L’inaugurazione di oggi apre la strada a un importante appuntamento culturale e formativo previsto per il prossimo 13 maggio. L’incontro, idealmente collegato alle celebrazioni e alle rivendicazioni del 17 maggio (Giornata Internazionale contro l’Omofobia, la Bifobia e la Transfobia), affronterà i temi cruciali dell’accoglienza LGBTQIA+ in contesti di vulnerabilità.

L’appuntamento proporrà un’analisi dei modelli di protezione capaci di rispondere a discriminazioni multiple, scongiurando il rischio di percorsi di “seconda vittimizzazione”. Nel corso del dibattito si approfondiranno tematiche centrali come l’abitare inteso come cura e spazio di riappropriazione dell’identità , la clinica dell’accoglienza applicata ai traumi intersezionali , e i protocolli necessari per la gestione di un sistema protetto e sicuro.

Le parole di Arcigay Udine FUR

“Con Casa CARRA restituiamo al Friuli Venezia Giulia un presidio fondamentale di libertà e autodeterminazione. Non si tratta solo di rispondere a un’emergenza abitativa, ma di contrastare alla radice una violenza sistemica che troppo spesso rimane invisibile. Grazie alle opportunità del progetto POWER e alla rete locale attiviamo uno spazio in cui dignità e identità tornano al centro”.

Il sostegno del Comune di Udine

“Udine si arricchisce di un ulteriore servizio per la comunità LGBTQIA+ in condizioni di vulnerabilità, dove discriminazione, violenza e emergenza abitativa richiedono un lavoro integrato e multidisciplinare”, ha dichiarato l’Assessora alle pari opportunità Arianna Facchini.
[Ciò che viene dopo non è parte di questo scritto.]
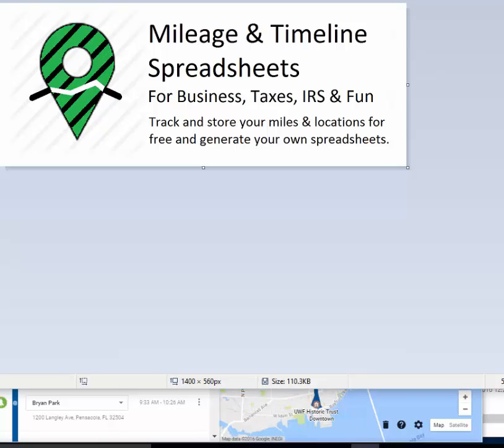All right, so welcome to the mileage and timeline spreadsheet generator for business, taxes, IRS, and fun.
“L’Amministrazione comunale di Udine – ha aggiunto – ha sostenuto il percorso che ha portato al Centro Antidiscriminazione e all’Udine Checkpoint, fino alla nascita di Casa CARRA, un’iniziativa importante e unica sul territorio, che testimonia l’impegno della città contro ogni forma di violenza e discriminazione. Il Comune è al fianco di chi lavora per rendere Udine una comunità più accogliente e inclusiva”.